Vitamin D aids the body in absorption and maintenance of healthy calcium and phosphate levels, which are critical for bone formation. Without adequate levels, bone growth and maturation would suffer. This deficiency can cause rickets, osteomalacia, and osteoporosis.
Deficiency of Vitamin D is common and often requires a supplement to maintain normal range levels. This is evident worldwide, in men and women of all ages. As a fat-soluble vitamin, we can store our "summer sunshine" Vitamin D, and we can develop toxicity.
Reasons to Take Vitamin D
• Suspected deficiency, as evidenced by poorly mineralized, soft bones, skeletal abnormalities (rickets in children, osteomalacia in adults), pathologic fracture, decreased bone density, compression fractures of spine, and bone pain (osteoporosis)
• Vegan diet without dairy products
• Poor sunlight exposure
Recommended Daily Allowance (RDA)
Vitamin D is not present in most foods. Due to the many variables causing a decrease, Vitamin D levels are often suboptimal. Supplementation is frequently required.
0-6 months: 400IU (10micrograms/day)
7-12 months: 400IU (10mcg/d)
Children (all RDA):
1-3 years: 600IU (15mcg/d)
4-8 years: 600IU (15mcg/d)
Older Children and Adults (all RDA):
9-70 years: 600IU (15mcg/d)
Adults >70 years: 800IU (20mcg/d)
Pregnancy/Breastfeeding: 600IU (15mcg/d)
Safe Upper limits have been set for age groups as follows:
Infants: the upper limit is 1,000 to 1,500IU
Children 1-8years: the upper limit is 2,500-3,000IU
Older children and adults: the upper limit is 4,000IU.
1 mcg of D3= 40 IU of Vitamin D
What If I Take Too Much?
Vitamin D is commonly toxic due to ingesting too much supplement. It is important to get a blood test to document Vitamin D deficiency (25-hyroxyvitamin D level) and the range before starting a supplement for safety reasons. The blood level gives you a start and endpoint for clarity. Levels less than 30nmol/L are too low and above 125nmol/L represent likely toxicity. A level at 50nmol/L is in good range.

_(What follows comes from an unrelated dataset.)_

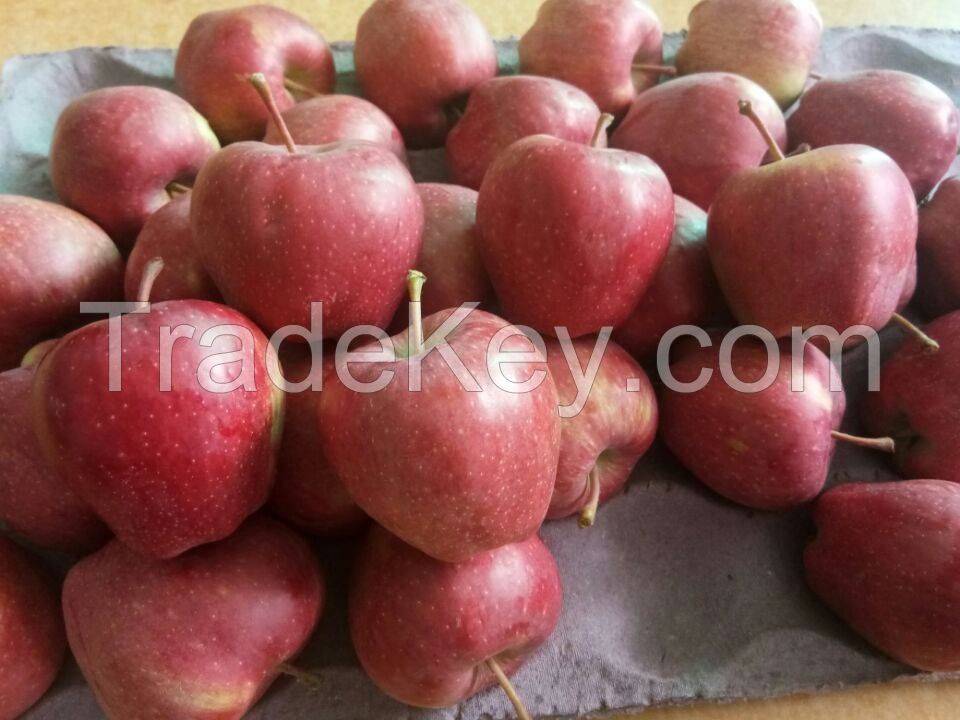  Fresh Fruits Red Fuji Apples For Sell At Cheap Price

Symptoms of Vitamin D toxicity are mostly related to high calcium levels:
• Nausea, vomiting, anorexia, constipation, weight loss, and weakness
• Calcium build-up and deposits in the soft tissues, heart, and lungs
• Kidney stone formation
• Kidney damage
Who Is at Risk for Deficiency?
• Those with strict vegan diet
• People who live in poorly sunlit areas
• Those who do not go outdoors due to work, debility, agoraphobia, etc.
• People who religiously use sunscreen blocks
• Dark skinned people, as they have more melanin pigment ,which blocks Vitamin D formation
• The elderly
• Obese individuals
Natural Food Sources of Vitamin D
Many foods are fortified with Vitamin D, since foods with natural Vitamin D are rare. Milk has 400IU per quart, which is a minimal amount per serving. Some cereals, margarines, juices, and yogurt are fortified with Vitamin D.
The best sources are fatty fish; tuna, salmon, mackerel are rich in Vitamin D.
Beef liver, cheese, and eggs have a very small amount of Vitamin D. Mushrooms have some Vitamin D and are being grown to have higher Vitamin D levels.
Best Ways to Take This Supplement
Vitamin D comes in four forms: D2 (ergocalciferol), D3 (cholecalciferol), calcifediol, and calcitriol. It can be prescribed in much higher doses, to be taken weekly.